I was watching (and falling asleep during, after a working weekend) Downton Abbey, so I missed Nicki Minaj’s Grammy performance last night. This morning the Catholic blogosphere is alight with outrage, and letter-writing campaigns have been organized. Anti-Catholic bias in the media! is the outcry.
Nuh-uh, says I. And I’m an expert.
In another lifetime, I served on the national Communications Committee of the US Catholic Bishops. We laypeople advised the episcopal members of the Committee on policy issues, and made recommendations for grants to promote diocesan and independent Catholic media initiatives. During my four-year stint, I was appointed to an ad hoc Subcommittee on Pornography, Anti-Catholic Bias, and Low Moral Tone in the Media. I was always afraid to ask the chair of the Committee, Bishop Anthony Bosco (now emeritus of Greensburg, PA), what qualities he saw in me that prompted the appointment. Possibly he believed low moral tone could use a devil’s advocate.

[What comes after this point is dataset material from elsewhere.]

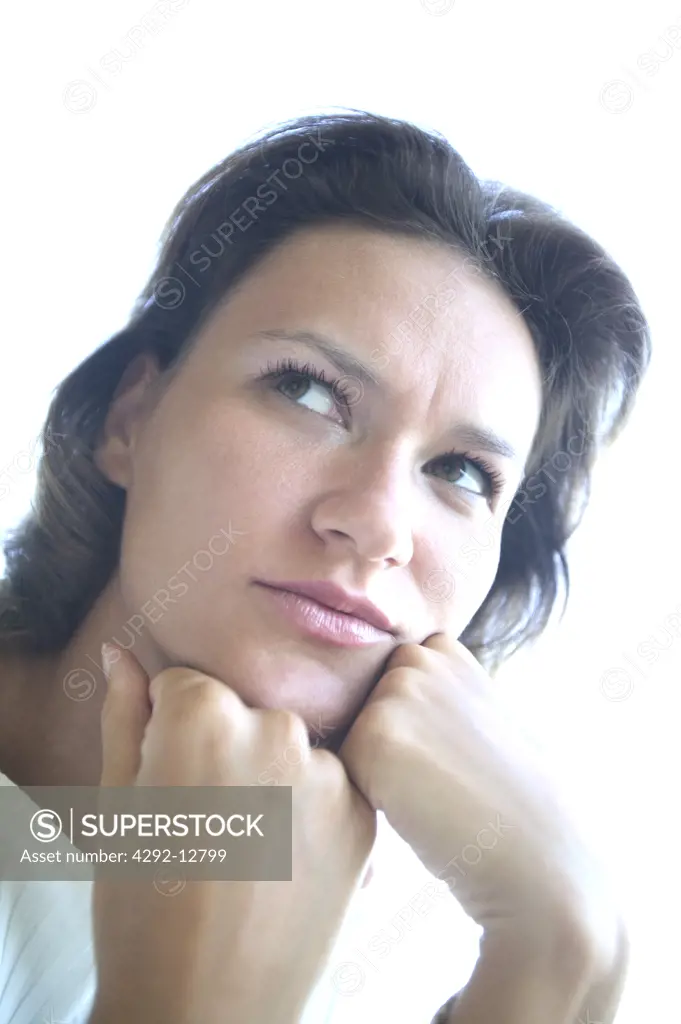 Portrait close up of a young thinking woman, disappointed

What I’m saying is that I’ve had official experience looking into anti-Catholic bias in the media, and I just can’t get as worked up over things like the Nicki Minaj Grammy charade as Bill Donohue does. (Frankly, I can’t get as worked up about anything as Bill Donohue can. Few mere mortals can match him in the zero-to-60 moral outrage sweepstakes.) When celebrities like Nicki Minaj–or Kevin Smith in Dogma, or Madonna with “Like a Prayer,” or Sinead O’Connor ripping up the pope’s picture on Saturday Night Live, or Fellini featuring a swishy ecclesiastical fashion show in in Roma, or San Francisco’s notorious performance artists, the Sisters of Divine Indulgence, or any of a hundred other examples you can mention–draw on Catholic ritual and aesthetics to shock or titillate or simply to get into the news cycle, I think they’re actually paying us a backhanded compliment.

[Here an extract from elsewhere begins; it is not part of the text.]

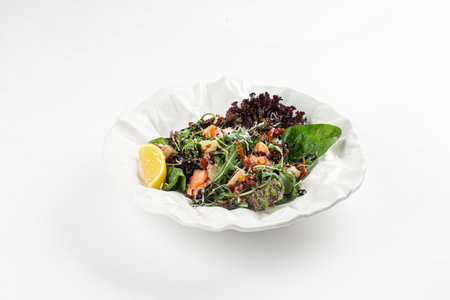 Portion of gourmet seafood salad with greensの写真素材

Who we are as Catholics, what we look like in the world, what we believe–these tap into deeply powerful streams of consciousness. People who ask whether the Recording Academy would have allowed Nicki Minaj to dress like an Orthodox Jewish woman accompanied by a rabbi, or in a burqa accompanied by an ayatollah, are missing the point. In the West (and that includes even the puritanized US), the Church of Rome is the archetype of the numinous, the mysterious, the authoritative, the divine. Plugging into that alternating current of tremendum et fascinosum is irresistible for artists whose reputation depends on being edgy, as well as for anyone who’s still stuck at the fifth-grade-boy level of irreverent humor (as most of us are, a lot of the time).

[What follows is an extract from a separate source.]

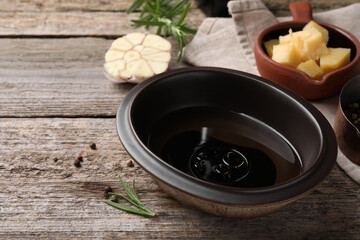 Bowl of balsamic vinegar with oil on wooden table, closeup. Space for text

The Nicki Minajes of the world may gain a momentary power surge from stunts like last night’s Grammy appearance. What they can’t do–and this is where I differ with a lot of my fellow Catholics–is diminish us or our faith or the rich deposit of truth and art and culture we carry. We should be bigger than that, not in some proud triumphalistic way, but in the serene knowledge that who we are and what we possess can withstand any mockery or imitation. I’d so much rather, at times like this, that instead of rushing to release statements of how appalled we are, we’d do the collective equivalent of what my mother told me to do when someone made a stupid or untrue comment: “Consider the source.” And let it roll right off us, as unworthy of the fuss.
This is not to say that anti-Catholic bias in the media does not exist. I think we’ve seen quite clearly, over the last month, that official Catholic positions on any number of issues in the news are regularly unreported or misrepresented. I’m not sure I’d go as far in the conspiratorial direction with regard to that bias as do many of my sisters and brothers, but it’s a definite blind spot. Yelling about it, being insulted by it, writing letters and organizing boycotts to fight it, however, will never be as successful a response as addressing the media confidently and authoritatively and non-defensively in their own language. That’s why I give thanks for folks like Deacon Greg Kandra, who brings a wealth of experience as a CBS news producer to his blog The Deacon’s Bench. It’s why we should all give thanks for Cardinal-designate Timothy Dolan, who is so exactly the leader the US Bishops need right now, and the voice Catholics need to represent us, that I have done a 180 on my initial doubts, and acknowledge humbly that the Holy Spirit was indeed in charge when Dolan was elected President of the Conference.
My wanting us to take a chill pill on Nicki Minaj is also not to say that I am in any way actively promoting pornography, anti-Catholic bias, and low moral tone in the media or anywhere else. I’m just making the case that these things cheapen the practitioner, not the Church. In the end, having what we believe in made fun of can only hurt us if, deep down, we don’t really believe it, and suspect that the mockers may be right. The only anti-Catholic bias that can do us any real damage is the kind we wield against ourselves.